MustGrow Increases Non-Brokered LIFE Offering to Approximately $3.7 Million
18 June 2026, Canada: MustGrow Biologics Corp. (TSXV: MGRO; OTC: MGROF; FRA: 0C0) (the “Company” or “MustGrow“), is pleased to announce that, in connection with its previously announced non-brokered private placement of units (each, a “Unit“) at a price of $0.50 per Unit, and as a result of strong investor demand, the Company intends to proceed with closing tomorrow, June 18, 2026, by issuing approximately 7.4 million Units, for aggregate gross proceeds to the Company of approximately $3.7 million (the “LIFE Offering“).
Each Unit will consist of: (i) one common share in the capital of the Company (each, a “Common Share“); and (ii) one Common Share purchase warrant (each, a “Warrant“). Each Warrant will be exercisable for a period of 60 months from the Closing Date (defined below) and will entitle the holder thereof to purchase one additional Common Share (each, a “Warrant Share“) at an exercise price of $0.70 per Warrant Share.
The Company intends to use the net proceeds raised from the LIFE Offering for inventory production for its mustard-derived organic biofertility product TerraSanteTM and working capital and general corporate purposes.
Subject to the rules and policies of the TSX Venture Exchange (the “TSXV“), the securities issuable from the sale of Units to Canadian resident subscribers will not be subject to a hold period under applicable Canadian securities laws.

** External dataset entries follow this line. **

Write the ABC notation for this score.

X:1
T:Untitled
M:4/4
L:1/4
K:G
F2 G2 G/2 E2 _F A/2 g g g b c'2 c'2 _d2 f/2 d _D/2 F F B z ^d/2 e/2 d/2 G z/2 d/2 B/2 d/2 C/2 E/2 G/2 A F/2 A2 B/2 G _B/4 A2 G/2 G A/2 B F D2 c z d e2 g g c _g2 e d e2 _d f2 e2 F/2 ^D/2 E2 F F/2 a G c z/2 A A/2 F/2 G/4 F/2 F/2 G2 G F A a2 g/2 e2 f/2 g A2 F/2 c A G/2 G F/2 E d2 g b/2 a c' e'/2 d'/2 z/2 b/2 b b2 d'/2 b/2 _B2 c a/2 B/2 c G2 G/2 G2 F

Insiders and certain consultants that participate in the LIFE Offering would be subject to a four-month hold period pursuant to applicable policies of the TSXV.

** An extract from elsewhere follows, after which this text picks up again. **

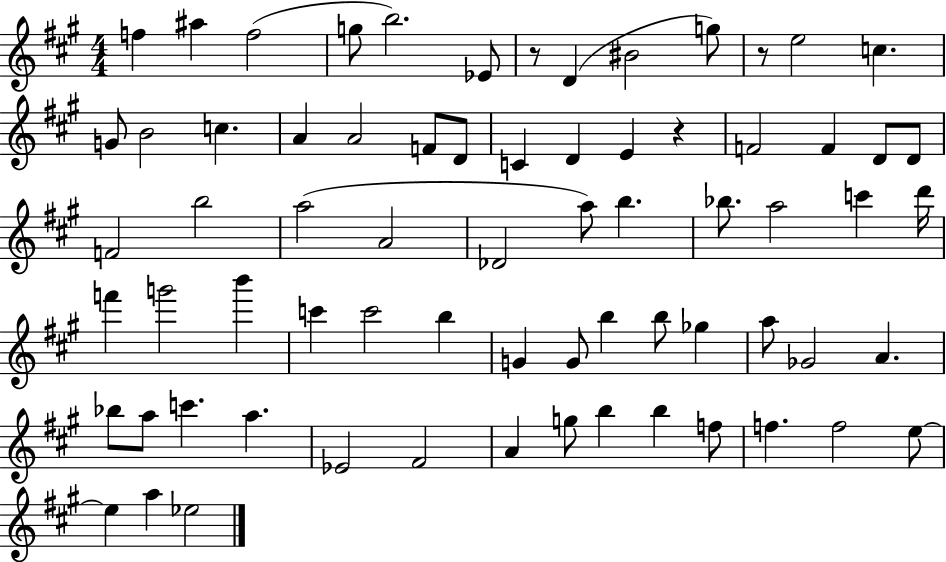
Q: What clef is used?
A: treble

There is an offering document related to the LIFE Offering that can be accessed under the Company’s profile at www.sedarplus.ca and on the Company’s website at www.MustGrow.ca. Prospective investors should read this offering document before making an investment decision.

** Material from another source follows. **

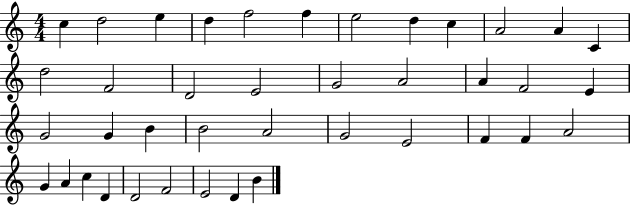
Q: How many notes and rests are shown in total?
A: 40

The Units sold pursuant to the LIFE Offering will be offered in Canada pursuant to the listed issuer financing exemption from the prospectus requirement available under Part 5A of National Instrument 45-106 – Prospectus Exemptions as modified by Coordinated Blanket Order 45-935 Exemptions from Certain Conditions of the Listed Issuer Financing Exemption, in the United States pursuant to available exemptions from the registration requirements of the United States Securities Act of 1933 (the “1933 Act“), as amended, and in certain other jurisdictions outside of Canada and the United States provided that no prospectus filing or comparable obligation arises in such other jurisdiction. Closing of the LIFE Offering is subject to certain conditions including, but not limited to, receipt of all necessary approvals, including the approval of the TSXV.
As consideration for services, certain eligible finders may receive: (i) an aggregate cash fee equal up to 6.0% of the gross proceeds of the LIFE Offering from investors introduced to the Company by the finder; and (ii) non-transferable Common Share purchase warrants (the “Finder’s Warrants“) representing up to 6.0% of the aggregate number of Units sold to investors introduced to the Company by the finder. Each Finder’s Warrant will entitle its holder to purchase one Common Share (a “Finder Warrant Share“) at a price of $0.70 per Finder Warrant Share for a 60-month period. The Finder Warrants and any Finder Warrant Shares issuable upon exercise thereof will be subject to a statutory hold period expiring four months and one day following the date of issue in accordance with applicable Canada securities laws.
Not an Offer to Sell or Solicitation in the US
This news release does not constitute an offer to sell or a solicitation of an offer to buy nor shall there be any sale of any of the securities in the United States or in any jurisdiction in which such offer, solicitation or sale would be unlawful. The securities have not been and will not be registered under the 1933 Act, or any state securities laws and may not be offered or sold within the United States or to, or for account or benefit of, U.S. Persons (as defined in Regulation S under the 1933 Act) unless registered under the 1933 Act and applicable state securities laws, or an exemption from such registration requirements is available.